* [TRY IT]:
From the line containing "American School of" to the end of the data, retype every line exactly and nothing else. Drop the pictures.

* [GIVEN INFORMATION]:
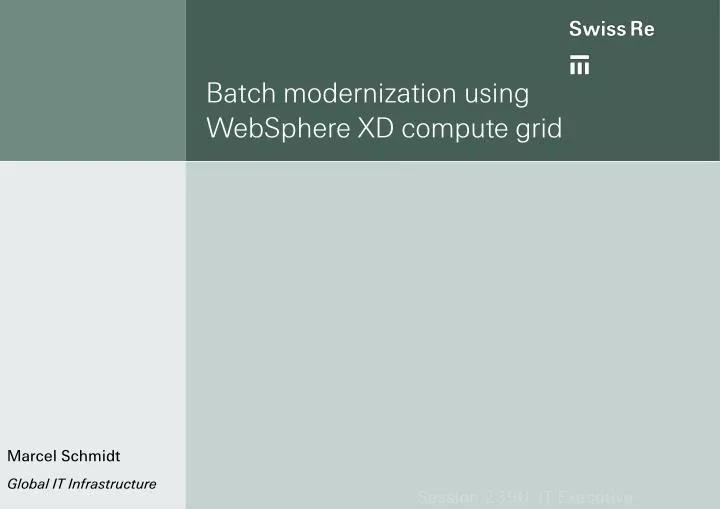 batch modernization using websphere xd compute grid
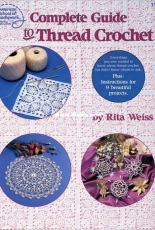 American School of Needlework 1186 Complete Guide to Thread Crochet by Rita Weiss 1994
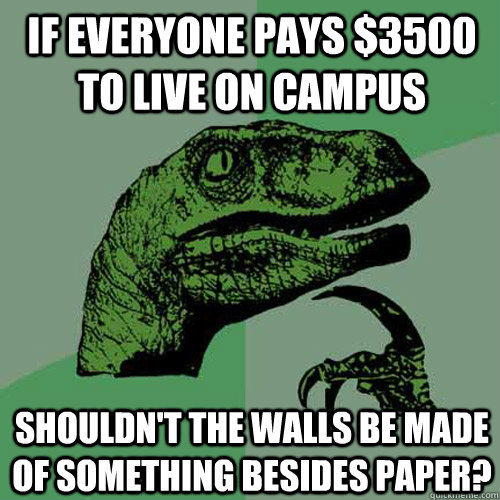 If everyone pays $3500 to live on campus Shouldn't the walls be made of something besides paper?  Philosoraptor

* [SOLUTION FOR THIS PROBLEM]:
 American School of Needlework 1186 Complete Guide to Thread Crochet by Rita Weiss 1994
 If everyone pays $3500 to live on campus Shouldn't the walls be made of something besides paper?  Philosoraptor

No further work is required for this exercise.